Do Player Behaviours Change Over Time?
Lastly, a final body of work published in 2013 whilst Canossa and Drachen were both based at Northeastern University in Boston (detailed in Sifa et al. 2013). Having assessed what types of groups exist within the data and what features help identify players within them, this final experiment sought to assess whether these groups evolve or change during the game. Using the same set of features as the second experiment, this project explored data from 62,000 players who completed at least a significant portion of the game from a collection of 203,000 from the same existing set gathered between December 2008 and January 2009 (equating to around 4.2% of all gathered player data during the launch window). This time using a form of archetypal analysis, the researchers analysed two particular aspects of the data. First, how players that completed the game (which was around 16% of the 62,000) spent their time in levels and second analysing how the features being recorded for each player changed as they progressed between levels. This resulted in six archetypes being established from this data: with players migrating between archetypes during their playtime. While each archetype shows a gradual increase in completion time — given the levels are getting harder — they vary in the actual time taken, showing variation in player skill.
In addition, each level shows a different distribution of player clusters: highlighting how some become more prominent than others in specific levels of the game. Meanwhile others only exist in certain levels. When cross referenced against the original player clustering work, they found four recurring clusters that showed strong similarities to the veterans, pacifists and solvers.

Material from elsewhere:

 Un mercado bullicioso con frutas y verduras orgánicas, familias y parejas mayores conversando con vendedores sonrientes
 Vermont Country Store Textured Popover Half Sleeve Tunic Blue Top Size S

Veterans in matched up with Adrenalin-Reward (light-green): a cluster of players that complete the game fast, make few adjustments and heavily use the adrenalin feature in the game.

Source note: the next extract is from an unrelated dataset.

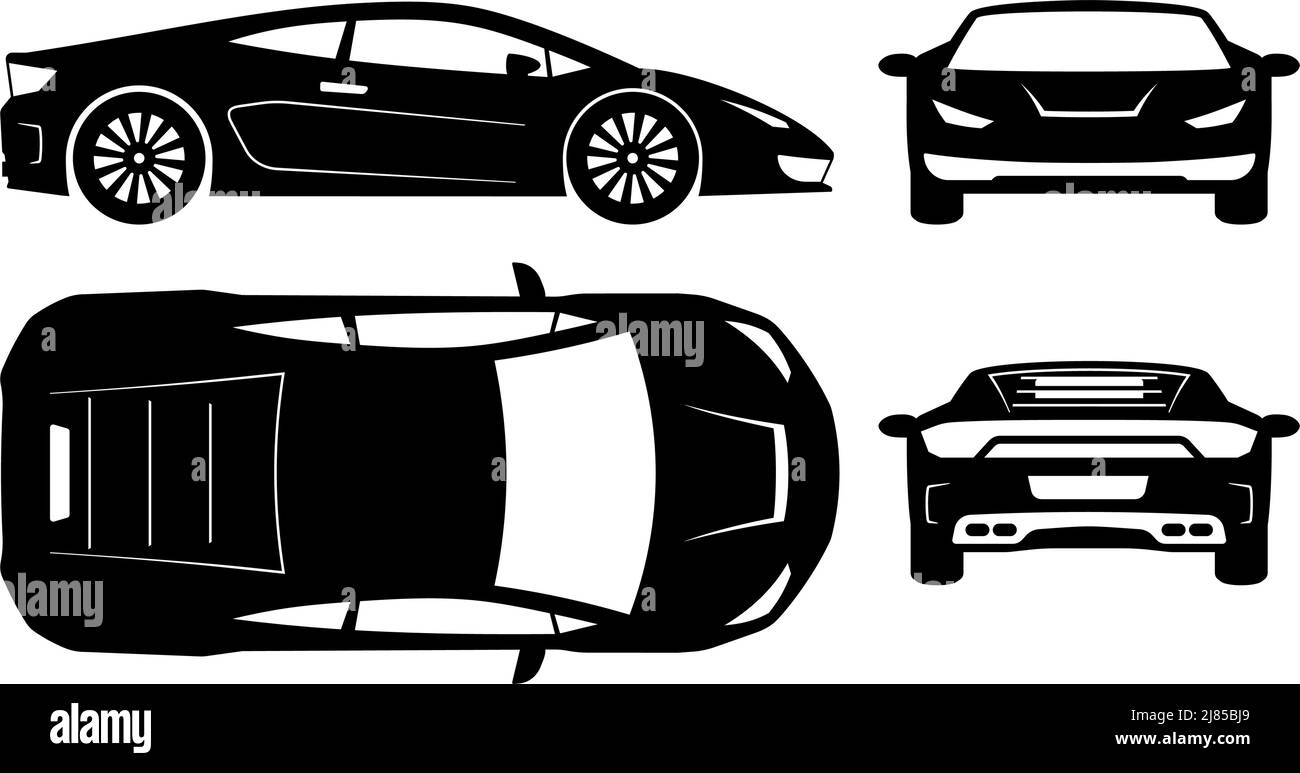Silhouette de voiture de course sur fond blanc. Les icônes de véhicule définissent la vue latérale, avant, arrière et supérieure Illustration de Vecteur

Death-Reward-Environment (a less consistent cluster that is captured by the dark orange and platinum and black segments) matched up with Pacifists due to an ability to collect a lot of artefacts and dying from environmental causes.
Time-reward in yellow shows strong similarities to the solver profile, where players generally perform well, but are very slow to complete the game and collect a lot of rewards in each map. Suggestion they explore the world a lot more and seek out treasures and other goodies.
Closing
While Tomb Raider Underworld is largely forgotten in the ongoing adventures of Lara Croft, the impact this game had on the emerging game analytics field (and AI research as well) is hard to ignore. In much of the contemporary research literature on game analytics, Tomb Raider: Underworld is celebrated as one of the seminal bodies of work that established what we can learn from even the smallest amounts of data and paved the way for more exciting projects in the future — some of which I already covered here on the channel. It’s fair to say game analytics are only going to increase in scope moving forward, so who knows, maybe we’ll find out in a couple of years whether players fare better in the more recent entries of the franchise.
References
Drachen, A., & Canossa, A. (2009). Analyzing spatial user behavior in computer games using geographic information systems. In Proceedings of the 13th international MindTrek conference: Everyday life in the ubiquitous era (pp. 182–189). ACM.
Drachen, A., Canossa, A., & Yannakakis, G. N. (2009). Player modeling using self-organization in Tomb Raider: Underworld. In Computational Intelligence and Games, 2009. CIG 2009. IEEE Symposium on (pp. 1–8). IEEE.
Mahlmann, T., Drachen, A., Togelius, J., Canossa, A., & Yannakakis, G. N. (2010). Predicting player behavior in Tomb Raider: Underworld. In Computational Intelligence and Games (CIG), 2010 IEEE Symposium on (pp. 178–185). IEEE.
Sifa, R., Drachen, A., Bauckhage, C., Thurau, C., & Canossa, A. (2013). Behavior evolution in Tomb Raider: Underworld. In Computational Intelligence in Games (CIG), 2013 IEEE Conference on (pp. 1–8). IEEE.